Patient Care Diminishes When Patients are Perceived Negatively

“Dispatch, you can show Medic 3 on scene.” There had been no calls up to that point-that point being 14 hours into my 1,440 minute shift and predictably, I was toned out just as I was crawling into bed. My monotone voice announcing my rig’s arrival had a hint of articulated whimper with just a slight dash of disdain added on the distal consonant for attitudinal effect.

I was tired. More importantly, my adrenals were tired-tired of being on standby mode for so long with nothing to show for it. Then again, I should know better. It was, after all, that magic hour when a few selected ETOH (Extremely Trashed Or Hammered) nomadic gamblers, for whatever reason, become more energetically mobile and inevitably undergo an AGA (Acute Gravity Attack) resulting in a FIRT (Failed Impact Resistant Test) from the surface of the planet earth.

It was a classic display of what I anticipated seeing: a 50-something female sitting in the middle of a back alley behind a casino attempting to grab the road’s asphalt to keep it from spinning off the earth’s axis. The heavy smell of alcohol and slurred speech from the patient confirmed my preconceived expectations. As the firefighters cleared her C-spine the patient mumbled, “I’m fine. I only had three glasses of wine. I’m not hurting anywhere. I just want to go home.” Indeed, there were no signs of obvious trauma and patient seemed aware of her surroundings, including the five EMS providers and firefighters she saw standing around her. OK, there were four of us, but one of the EMTs was the size of two, so … close enough.

Witnesses state she didn’t fall, but was helped slowly to the ground. I turned to my partner and with a sarcastic smile. “You’re on deck to tech.”

Obviously at this point I could foresee this wasn’t going to be an ALS call and, if we were really lucky, once all the medical clearance formalities were followed, she may not even have to go to the hospital-if we can find a friend or family member to care for her. Thinking out loud and with a sarcastic smile, I blurted, “At worst, we can have her transported to detox by our local police department.” The officer didn’t smile back.

Visions of my head making a soft landing on my bed began as my fellow crew members progressively yelled out their patient findings. “C-spine clear … glucose reading within normal limits … no past medical history … no shortness of breath, chest or abdominal pain … negative history of nausea, vomiting or diarrhea … Negative headache or blurred vision … patient neurovascularly intact distally …
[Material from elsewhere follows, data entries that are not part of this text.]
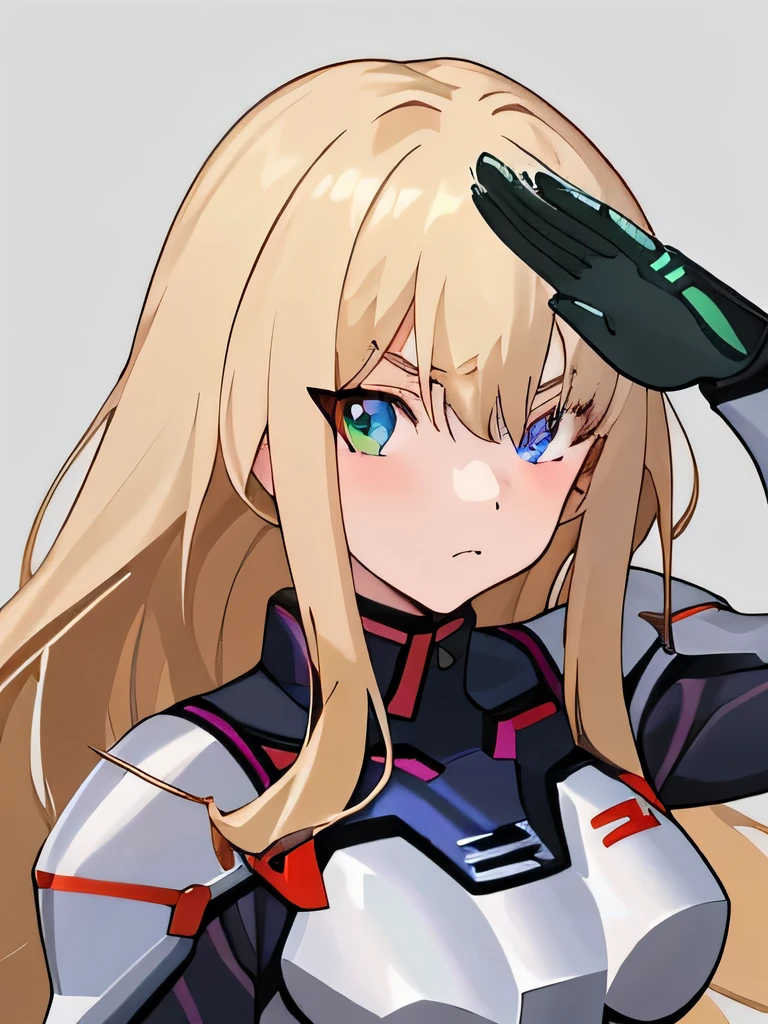 Army girl in cyber armor, with one blue eye and one green eye pretty face with long blonde hair Li Shida, style of ssss.gridman (2018), Saluting

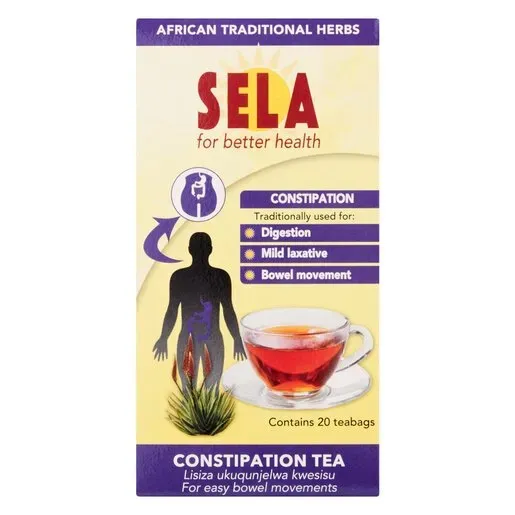 Front of Sela Constipation Tea box, 20 tea bags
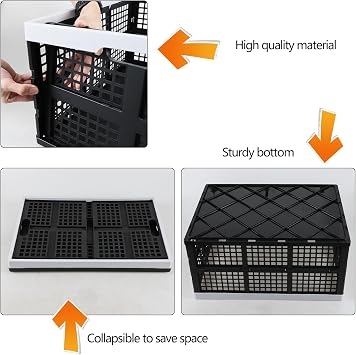 40 L Large Collapsible Storage Crates, Black Plastic Stackable Storage Crates, 4 Pack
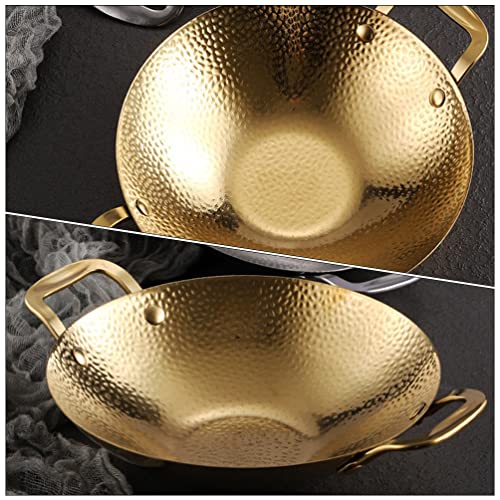 BESTonZON Stainless Steel Pan Wok Pan Stainless Steel Stir Fry Pan Flat Bottom Chinese Wok Scratch Proof Cooking Skillet Pot Cookware with 2 Handles For Gas Induction Gold 8in Stock Pot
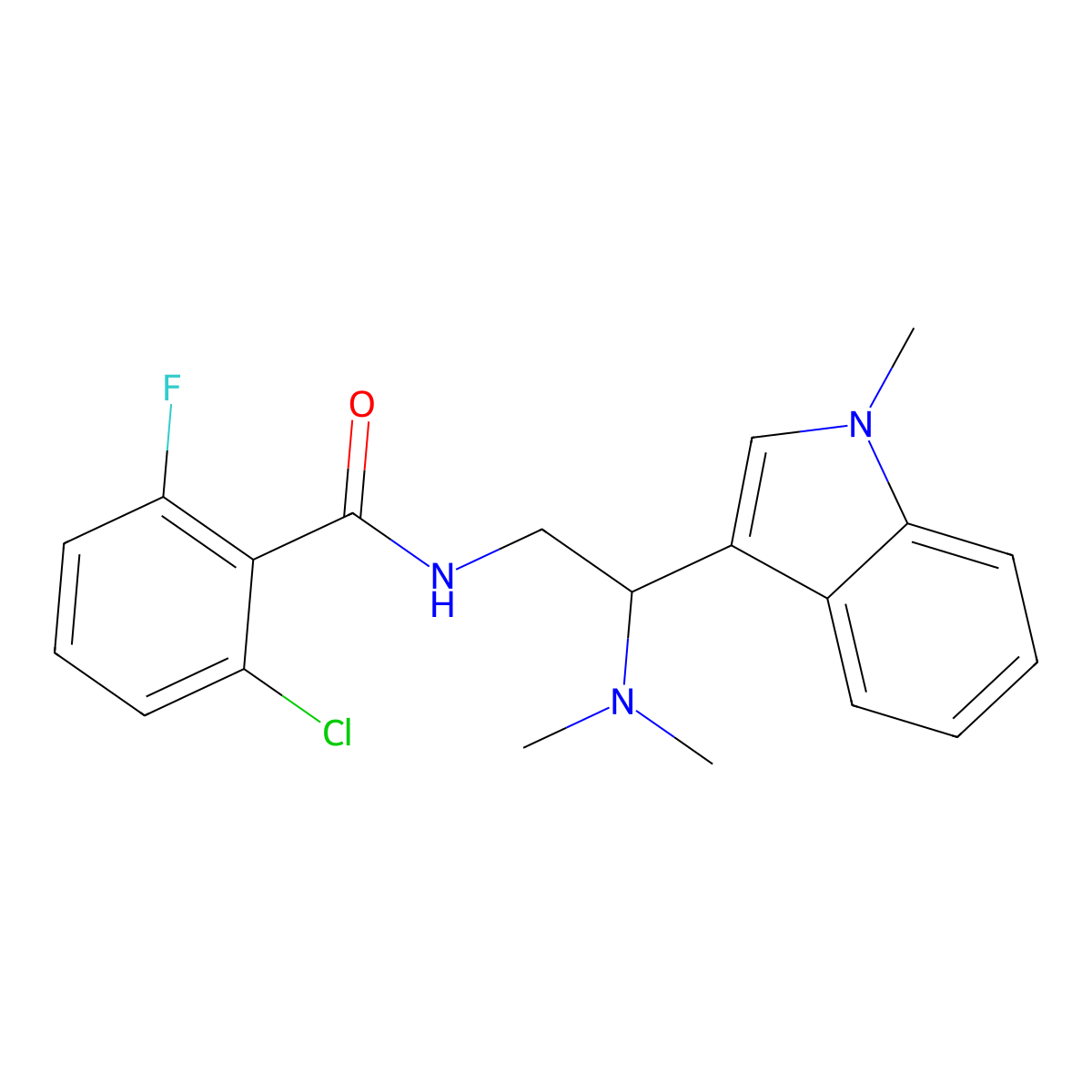 2-chloro-N-[2-(dimethylamino)-2-(1-methyl-1H-indol-3-yl)ethyl]-6-fluorobenzamide molecular structure, CAS 1203067-69-9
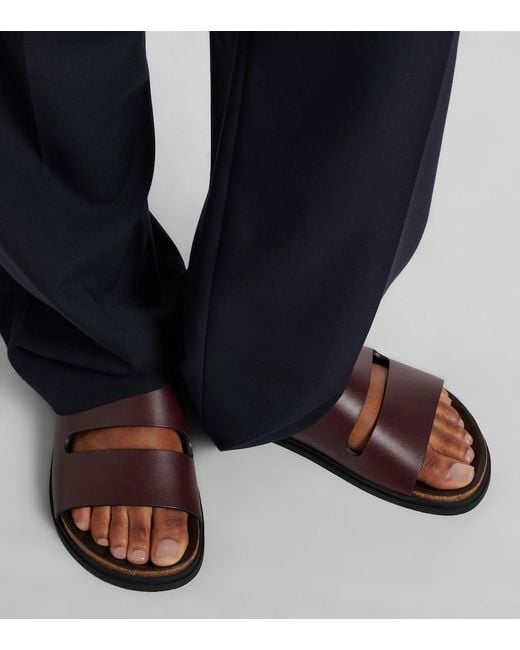 The Row Brown Band Leather Slides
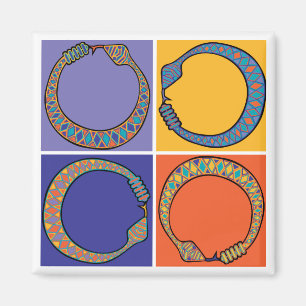 Blue Snake Ourboros Magneet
Now for the real test: Can the patient ambulate independently with stable vital signs? The suspense was killing me-Yes … Yes!! … %@#&!! Goodbye my sweet pillow. For on this night it was not meant to be. Sniff.

As we loaded the patient into the ambulance, I asked an EMT if he wanted to establish the IV, seeing as he hadn’t started one in a while. I told him she had great veins and that there was no way he could miss. He missed.

The fact that the IV was squandered didn’t bother me so much as did the peculiar angle the arm was now lying once the IV tourniquet was removed. “Are you double-jointed?” I asked the patient as I moved toward her. “No. Why?” she inquired back.

As I grabbed her left elbow and shoulder I could feel crepitus and deformity in her mid-shaft humerus. “My God!” I announced for all to hear. “You broke your arm!” The patient slowly turned in the direction of her arm. “Really? Huh! Do I still have to go to the hospital?”

Nobody pointed any fingers at anybody for missing the fracture. We all blew it. We took shortcuts. It didn’t matter that the patient didn’t have any pain or was even aware something was wrong with her arm. The bottom line is we let our negative perception of the intoxicated patient project our patient care despite the many years of experience between us providing what I consider high-quality prehospital care.

I get it. It happens. We’re human and nothing can wear you out like caring about other people, but the bottom line remains: Our perception is our reality, and in EMS those realities can often become perceived as negative labels. Once you label a patient, you negate them. When we alter our perception, we’re open to positively altering our care. Don’t believe everything you think-including easy IV sticks.